A 'women in prison' movie with a difference, Silent Grace sets up an intriguing premise but never gets round to doing much with it. While director Maeve Murphy should be applauded for alerting us to the way in which the contribution of female political prisoners to the Republican struggle has been marginalised in the Irish history books, her one-sided storytelling and paper-thin characterisation is less praiseworthy. In The Name Of The Mother this certainly isn't.
The year is 1980. In Armagh Women's Prison in Northern Ireland, a group of IRA political prisoners are carrying out a protest against the British government. Into this harsh world is thrown Aine (Catherine Bradley), a feckless teenager convicted of joyriding, whose cocky presence threatens to disrupt the carefully ordered hierarchies of the political wing.
Uninterested in her fellow inmates' battle and unimpressed by their dirty protest - which involves them scouring the walls with their own excrement - Aine quickly falls foul of IRA ringleader Eileen (Orla Brady), who's determined that the women under her command will be just as committed as their male counterparts.
"GENERAL AIR OF CLUMSINESS"
Based on a true story and shot on the cheap on location in Kilmainham prison, this debut feature from writer-director Murphy foregrounds the forgotten history of the female prison protests during the 1980s but fails to set the dramatic touch paper alight.

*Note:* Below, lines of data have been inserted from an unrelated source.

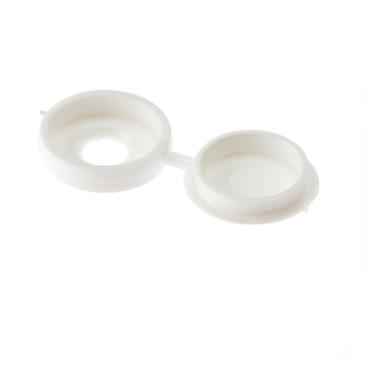 FORGEFIX  WHITE SCREW COVERS HINGED (PK 100)
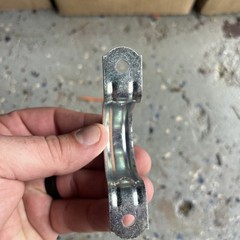 Bridgeport 1904 Two Hole Pipe Strap, 1-1/4 Inch Box Of 50 x3 boxes!! New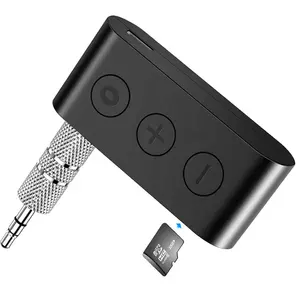 BT5.0 Bluetooth alıcısı araç kiti müzik Aux ses 3.5mm aux araba bluetooth kablosuz ses alıcısı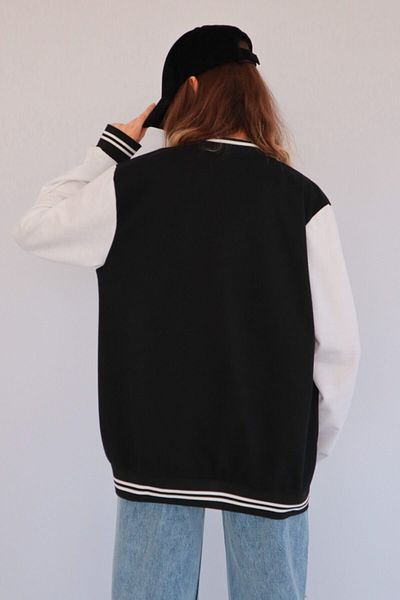 EFBUTİK Black College Jacket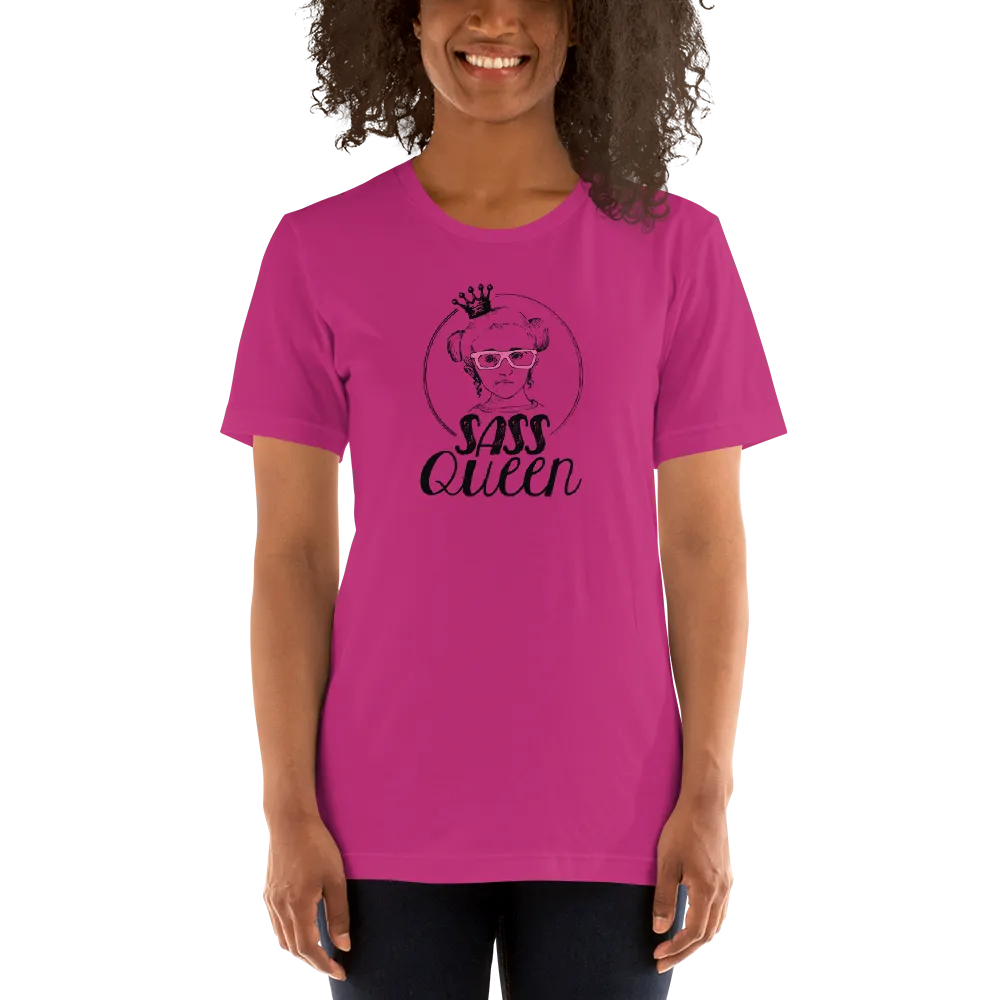 Sass Queen Front/Back (Esperanza - Raising Dion) Unisex Light Color Shirts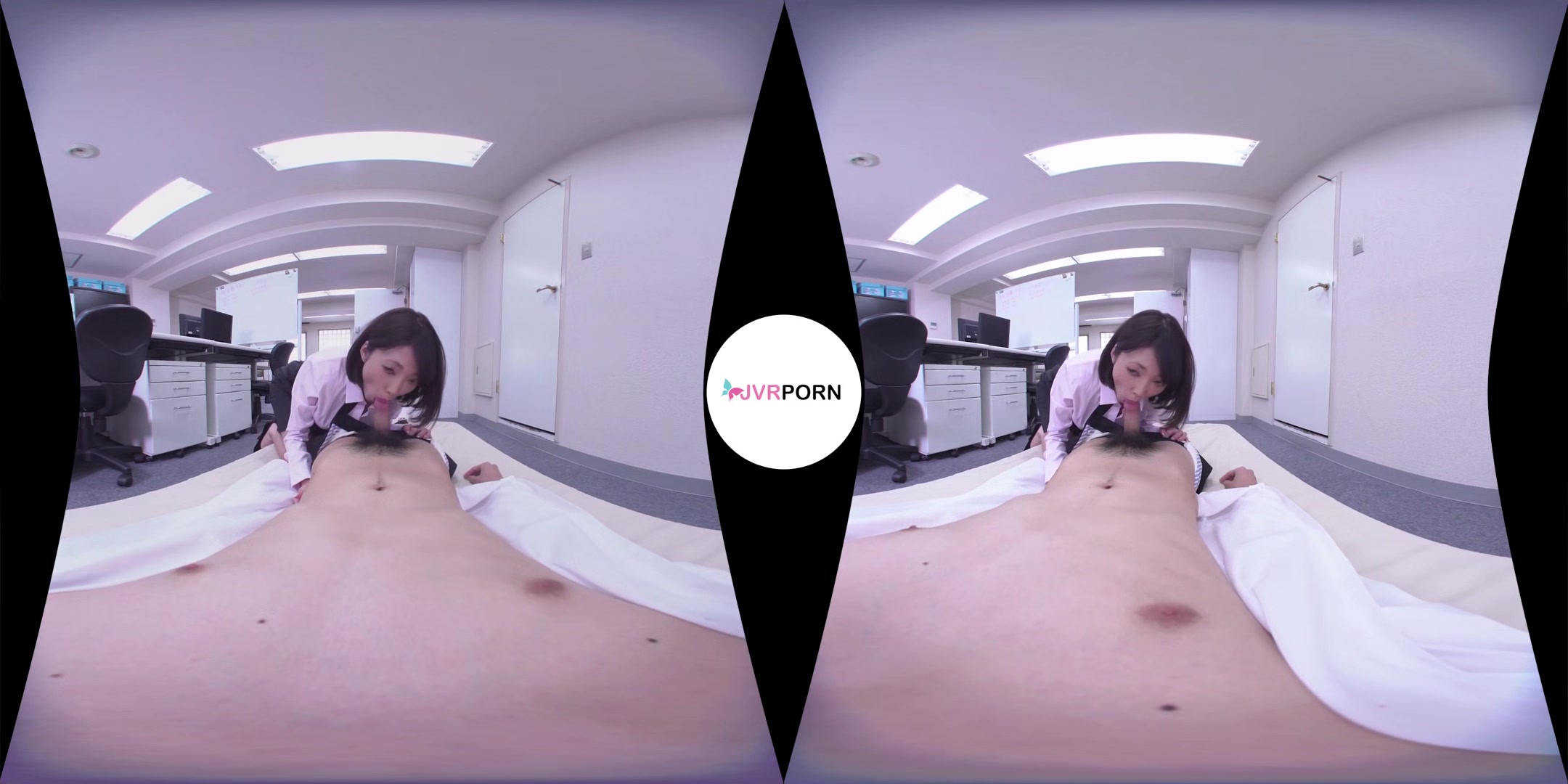 Your Colleague Come To Give You A Special Breakfast - Shaved Asian Riding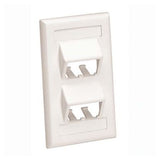 Panduit CFPSL4IWY | Faceplate, 4 Port, Classic, Sloped, Off White, RoHS Compliant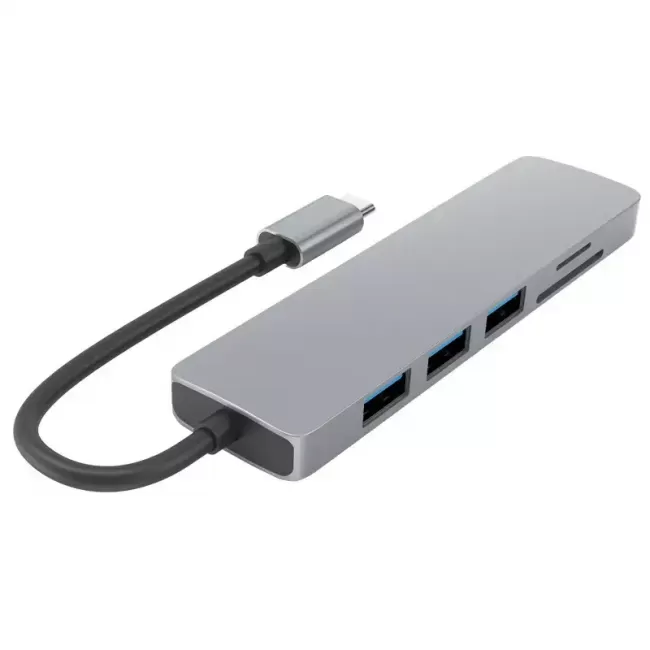 Переходник Type-C - 3 x USB 3.0 / картридер TF/SD / HDMI - фото2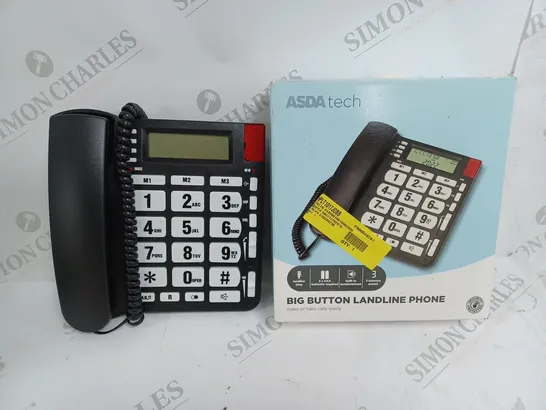 BOXED BIG BUTTON LANDLINE PHONE 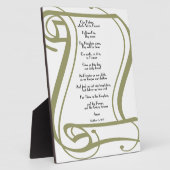 Plaque Photo La prière des seigneurs (Côté)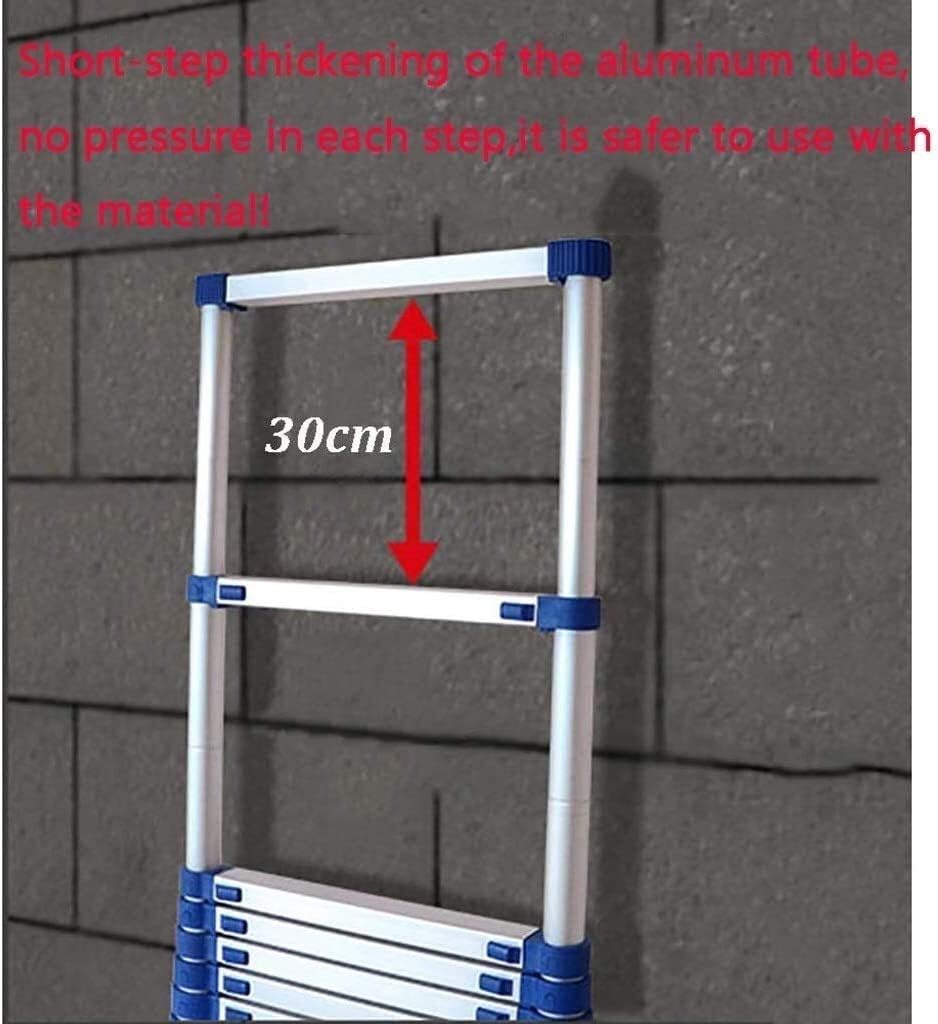 Ladder,Telescopic and Climbing Ladder Telescopic Ladder - with Detachable Hook Aluminum Ladder Extendable Ladder Ladder for Indoor Decoration, Outdoor Decoration, Convenient Storage,2.0M/6.5Ft,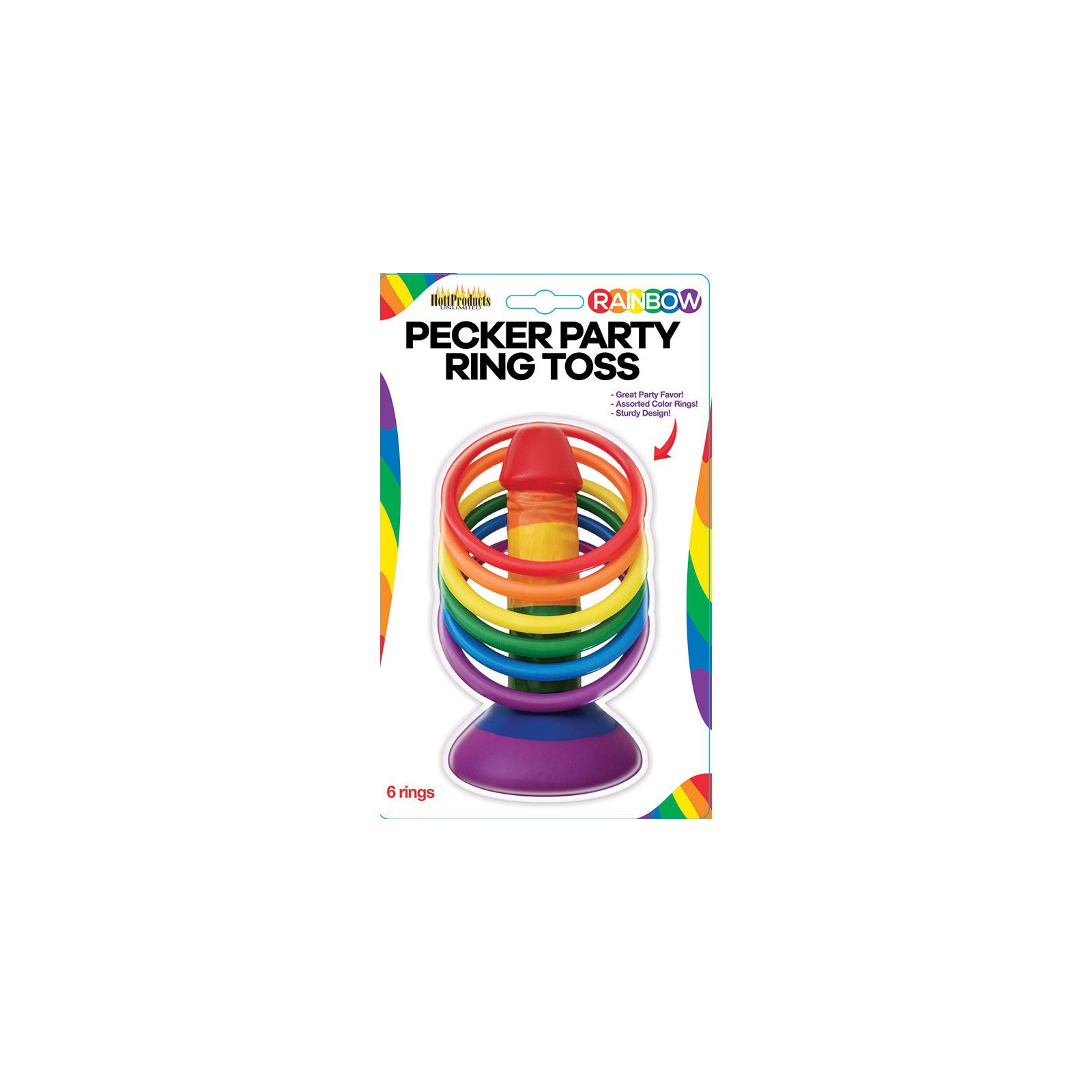 Rainbow Pecker Party Ring Toss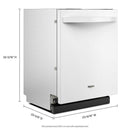 Whirlpool 24-inch Built-in Dishwasher with 3rd Rack WDT550SAPW IMAGE 10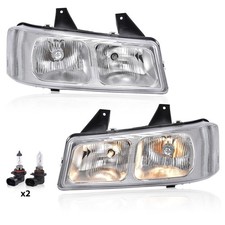 Headlights LH RH Bulbs for Chevy Express for GMC Savana 1500 2500 3500 2003-2023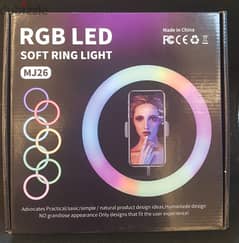 RING LIGHT RGB 26CM Amazing & good price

Awkwardly directed, the film's hampered by a general air of clumsiness, from the oh-so-ironic use of The Clash's I Fought The Law on the soundtrack to the minimalist prison that's comprised of nothing more than ten prisoners, two guards, a warden (Conor Mullen), and kindly priest (comedian Robert Newman). A few extras might have given it the pretence of hustle and bustle, but instead it seems stilted and empty, and more suited to an experimental stage play.